Designation: Bore; Stroke; Displacement; Horsepower; Application; Notes
Mk.X: 80.96 mm (3+3⁄16 in); 72+3⁄4 mm (2.86 in); 1.5 L (1,498 cc; 91.4 cu in); n/a; Lotus 23; Experimental prototype racing Twin Cam
Mk.XII: 83.5 mm (3.29 in); 1.6 L (1,594 cc; 97.3 cu in); 140 hp (104 kW) at 6500 rpm; Lotus 20B, 22, 23; Dry sump, stock crank and rods
Mk.XIII: 140–150 hp (104–112 kW) at 6500 rpm; Formula B, Lotus 22, 23B, 23C, Lotus 47; Mk.XII with steel crank and rods, dry sump
Mk.XV: 130–140 hp (97–104 kW); Lotus 26R, Lotus Cortina; Wet sump, steel crank and rods
Mk.XVI: 80.96 mm (3+3⁄16 in); 1.5 L (1,498 cc; 91.4 cu in); 140–150 hp (104–112 kW); Formula 1 and Australasian open-wheel classes.; Dry sump.

==Motorsports==
The Twin Cam made its racing debut in May 1962 as a Cosworth Mk.X in a Lotus 23 driven by Jim Clark at the Nürburgring. Clark led the field until being overcome by exhaust fumes.

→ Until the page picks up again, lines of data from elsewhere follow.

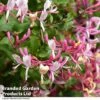 Lonicera Periclymenum -Perfect Greenery LONI BELGICA T01823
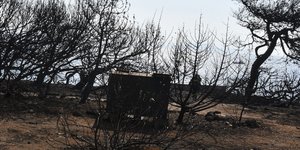 Συνεχώς αυξάνεται ο αριθμός των θυμάτων από τη φονική πυρκαγιά στο Μάτι / Φωτογραφία: Eurokinissi/ΜΠΟΛΑΡΗ ΤΑΤΙΑΝΑ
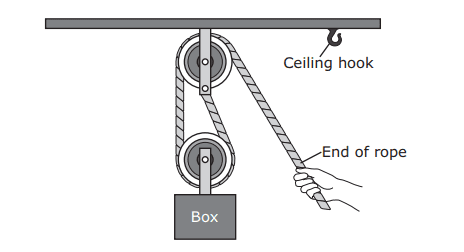 Question Image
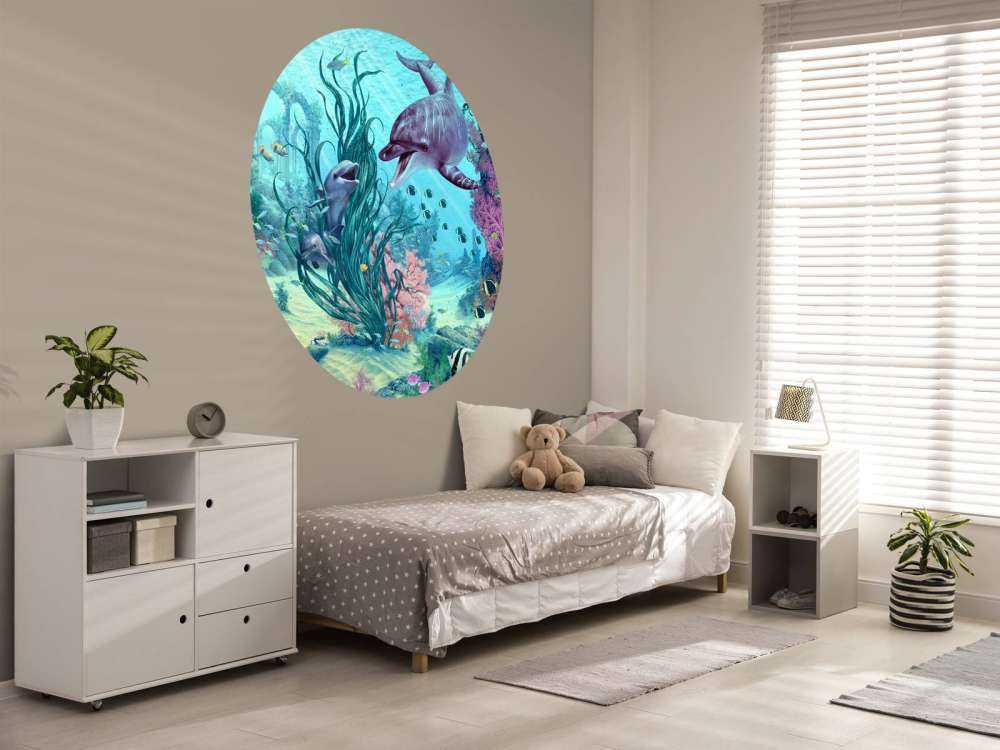 Hide And Seek Dolphins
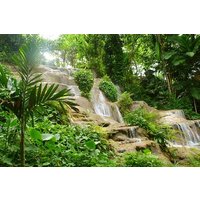 Konoko Falls and Park Private Tour with Hotel Pickup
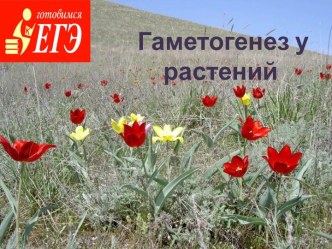 Гаметогенез у растений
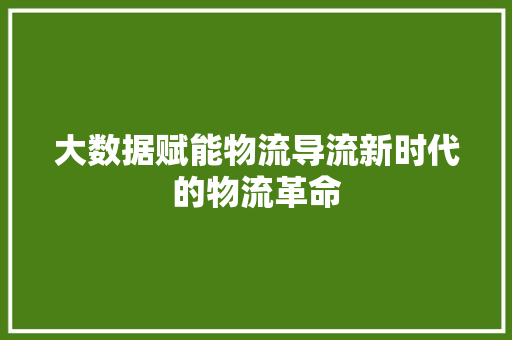 大数据赋能物流导流新时代的物流革命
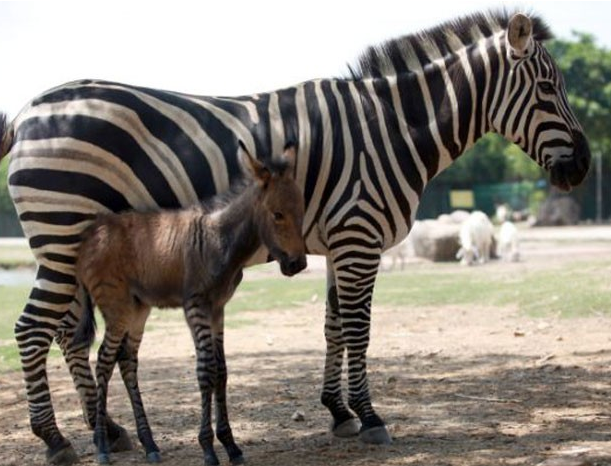 Bu fotoğraflar sizi büyüleyecek - Resim: 2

Twin Cam made several appearances in Formula 1 in the Cosworth Mk.XVI form during the 1+1/2 L formula that ran from 1961 to 1965. Its first appearance was at the 1963 South African Grand Prix in a Brabham BT6 driven by David Prophet. The engine appeared in two cars in the 1964 British Grand Prix, one being the Gerard Racing Cooper T73 driven by John Taylor and the other the John Willment Automobiles Brabham BT10. The only recorded finish was ninth place at the 1965 South African Grand Prix, again in the Willment Brabham.

Cosworth Mk.XV powered the Elan 26R of the Willment Team and driver John Miles to 15 seasonal wins and the 1966 Autosport Championship title.

Third-party engine builders continued development after 1966 for the Elan and Cortina as well as for Formula 2, 3 and other classes. Early tuners included Holbay, Vegantune, and Novamotor, joined later by Brian Hart, Richardson, Wilcox and others who focused mainly on the Formula classes.

Roger Barr won the 1968 US Formula B National Championship using a Twin Cam, with numerous modifications made to both it and the Crossle chassis.